Former Securities and Exchange Commission attorney Spencer Barasch is expected to settle Department of Justice civil charges that he inappropriately represented alleged Ponzi schemer Allen Stanford, people familiar with the matter told Reuters.

Under the terms of the planned settlement, expected to be announced later this week, Barasch will pay a $50,000 fine, these people said, who were not authorized to speak on the case.

He will also settle a disciplinary action before the SEC under which he is expected to agree to a 6-month ban from practicing before the commission, one of the individuals said.

The SEC is tentatively scheduled to vote on the matter behind closed doors on Thursday. Barasch is expected to settle the matter without admitting any wrongdoing.

Barasch, a former head of enforcement for the SEC's Fort Worth, Texas, office, is now a partner at the law firm Andrews Kurth in Dallas. He has been at the center of a Justice Department probe since at least 2010.

That year, SEC Inspector General David Kotz released a report that found Barasch played a role in decisions to quash investigations of Stanford while at the SEC, and then later repeatedly tried to get permission to represent Stanford after leaving his SEC post.

The SEC turned down his request each time, but Barasch persisted and eventually did provide some legal counsel to Stanford in the form of roughly 7 billable hours for travel and for reviewing a document on regulators' inquiry into Stanford's business, the report found.

In a statement issued last year, however, Andrews Kurth's managing partner Bob Jewell said he did not feel Barasch violated any conflict of interest rules and disagreed with the findings in Kotz's report.

Federal conflict of interest laws bar former government employees for life from communicating or making an appearance before the U.S. government under certain conditions, such as being substantially involved in the matter while in government.

The Justice Department is likely pursuing a civil settlement because a criminal conflict-of-interest case usually requires the prosecutors prove the former employee contacted the government on behalf of the defendant. Kotz's report did not find evidence of such contact.
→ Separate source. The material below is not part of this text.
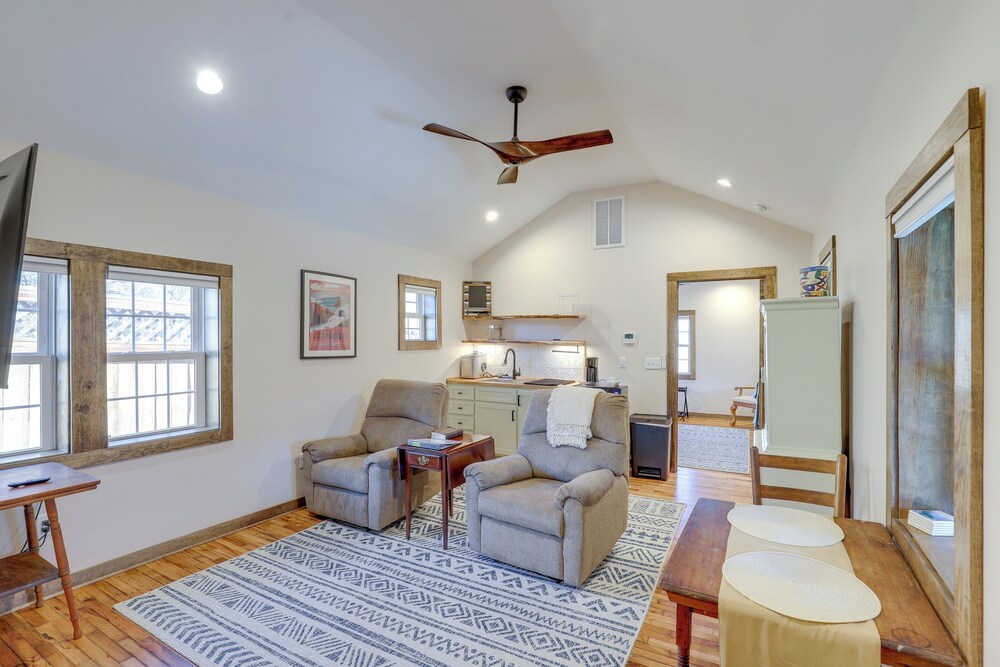 2 Blocks to AT: Mountain View Cabin Unit 2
The government can bring civil actions to resolve conflict-of-interest allegations, and issue a penalty of up to $50,000 per violation.
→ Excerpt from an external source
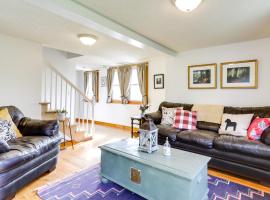 Cozy Exeter Vacation Rental with Grill and Fire Pit, hótel í West Greenwich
A lawyer for Barasch, the SEC, and the Justice Department declined comment. Barasch and his law firm, Andrews Kurth, did not respond to repeated requests for comment.

The settlements come as federal prosecutors prepare for a criminal trial of Stanford, who is accused of running a $7.2 billion Ponzi scheme and deceiving thousands of investors into buying certificates of deposit from his Antiguan bank.

Stanford was arrested in June 2009 and is being held without bail. He has denied the charges. Jury selection in the case is scheduled on January 23.

He is also facing civil charges from the SEC over the alleged Ponzi scheme.


SEC officials disclosed the Justice Department's probe into Barasch's conduct last May during a congressional hearing. SEC Enforcement Director Robert Khuzami told lawmakers he felt the conflict-of-interest rules clearly prohibited Barasch from representing Stanford.

Kotz and Khuzami both said they had referred the matter to the criminal authorities as well as the Texas and Washington, D.C. bars.

Kotz's report outlined in detail how Barasch attempted on three occasions to represent Stanford despite being told he had a conflict of interest.

The third time, he pressed the SEC to give him permission on the same day the agency filed its civil suit against Stanford.

When the inspector general's office asked Barasch why he was so insistent on representing Stanford, Barasch replied, Every lawyer in Texas and beyond is going to get rich over this case. Okay? And I hated being on the sidelines, according to Kotz's report.